Editorial Media Indonesia

Nyali Polri dan Andi Nurpati



MerantiNEWS EMI (Editorial Media Indonesia) - DRAMA berjudul surat palsu Mahkamah Konstitusi (MK) mulai memasuki episode akhir dengan divonisnya salah satu terdakwa, Masyhuri Hasan. Namun, pemeran utama dalam skandal itu tetap saja bebas melenggang. 

Masyhuri, mantan juru panggil MK, divonis satu tahun oleh Majelis Hakim Pengadilan Negeri Jakarta Pusat pada Selasa (3/1). Ia dinyatakan bersalah memalsukan surat MK, yang kemudian digunakan Komisi Pemilihan Umum (KPU) untuk menetapkan Dewie Yasin Limpo dari Hanura sebagai pemenang kursi DPR dari daerah pemilihan Sulawesi Selatan I. Padahal, berdasarkan surat asli MK, yang berhak mewakili Sulsel I ialah Mestariyani Habie dari Partai Gerindra. 

Masih ada terdakwa lainnya, Zainal Arifin Hoesein, mantan panitera MK, yang pengadilannya masih berlangsung. 

Yang terus mengusik rasa keadilan publik ialah kenapa aktor utama, dalang dari kejahatan demokrasi tersebut, tetap dibiarkan melenggang? Lebih menyakitkan lagi, Polri sebagai penyidik terus menafikan setumpuk petunjuk untuk menjerat sang dalang yang mengarah ke Andi Nurpati. 

Akal waras mengatakan surat palsu MK tidak mungkin dibuat Masyhuri dan Zainal tanpa ada yang memesan. Panitia Kerja Mafia Pemilu DPR pun telah menyimpulkan kasus surat palsu MK merupakan buah persekongkolan. 

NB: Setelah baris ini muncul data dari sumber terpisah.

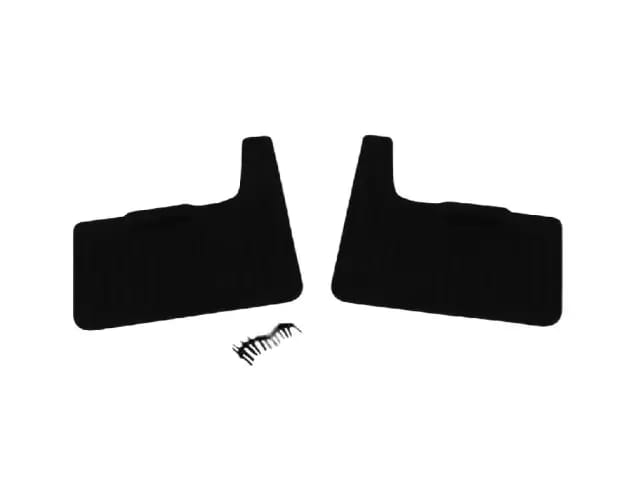 Mopar Dually Splash Guards thumbnail 4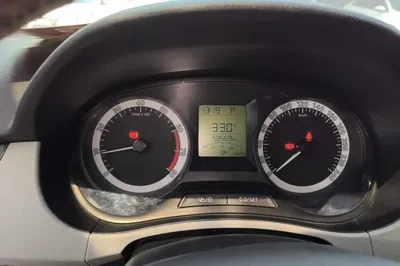 Skoda Fabia 2017, 58600 км, за 43284.8 CNY - фото 15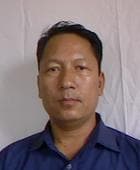 अर्जुन बहादुर थापा मगर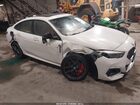 2024 Bmw M235 Gran Coupe I Xdrive White vin: WBA13AL09R7P50835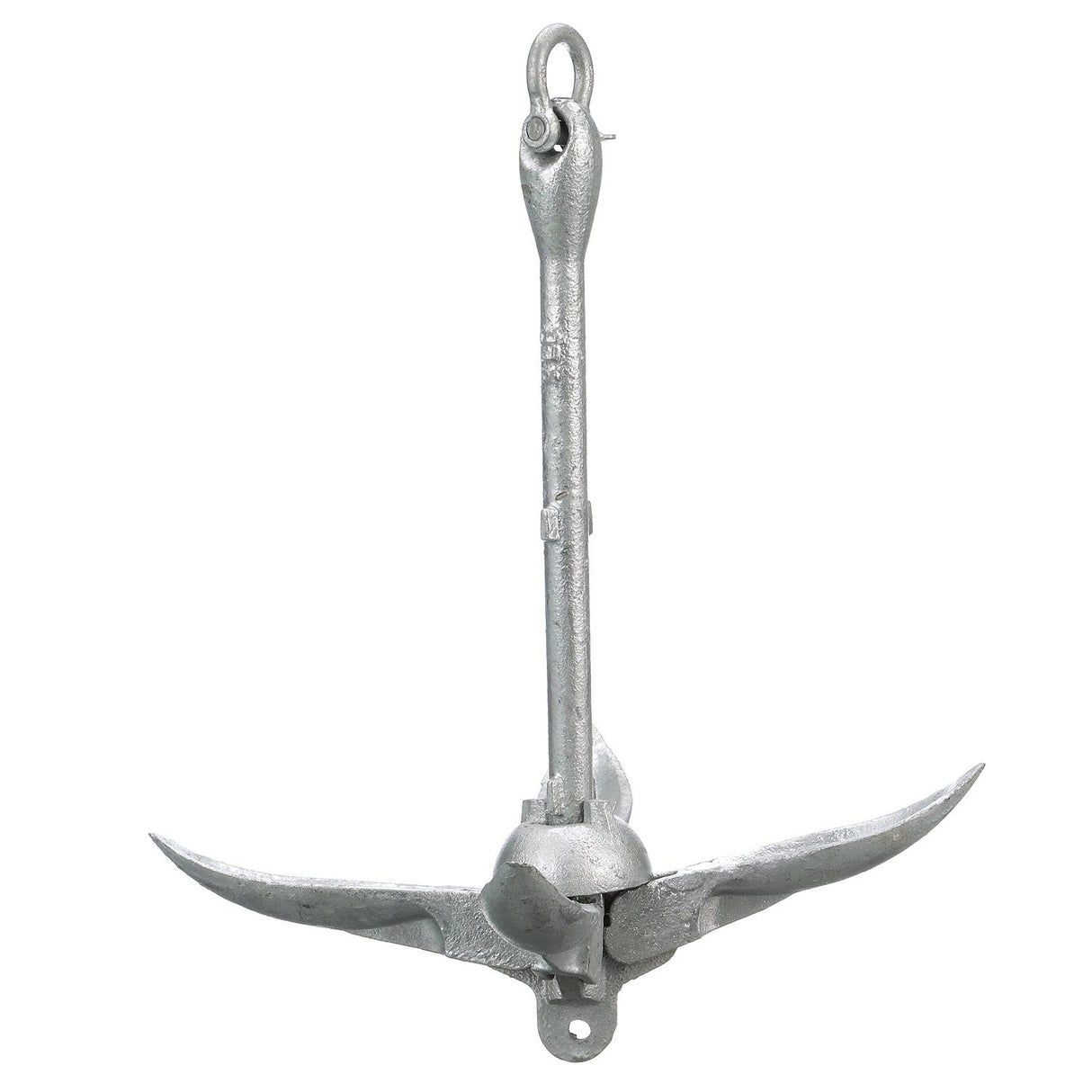 Seachoice Folding Grapnel Boat Anchor, 9 Lbs. - 41030 - official Seachoice product image 5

Teramat banyak pula keterangan saksi yang menyebut Andi Nurpati sebagai aktor utama. Dalam pleidoi yang diberi judul Bunga Bangkai Demokrasi untuk sang Juru Panggil, misalnya, Masyhuri menyatakan mantan komisioner KPU Andi Nurpati sengaja menyembunyikan surat MK yang asli guna memuluskan akal bulusnya merekayasa hasil pemilu. 

Bukan cuma itu. Gelar perkara, rekonstruksi, dan konfrontasi sudah dilakukan. Namun, polisi tetap kehabisan akal, tapi kelebihan alibi untuk tidak menjadikan Nurpati yang kini menjadi petinggi partai berkuasa, Partai Demokrat, sebagai tersangka. 

Waktu tujuh bulan penyidikan sejak kasus tersebut dilaporkan MK pada Februari 2010 rupanya tidak cukup bagi Polri untuk mendapatkan secuil pun bukti keterlibatan Nurpati. Mereka konsisten pada laku diskriminatif, gesit membidik orang-orang kecil, tapi lumpuh mengusut para penguasa. 

Sekian lama publik berharap agar polisi profesional menangani skandal surat palsu MK, sekian lama pula kekecewaan yang selalu didapat. 

Jika memang tidak menemukan bukti, kenapa Polri tidak menghentikan saja penyidikan terhadap Andi Nurpati? Kenapa polisi tidak berani mengatakan secara terbuka kepada publik bahwa tidak ada bukti atau tidak cukup bukti untuk menjadikan Andi Nurpati sebagai tersangka?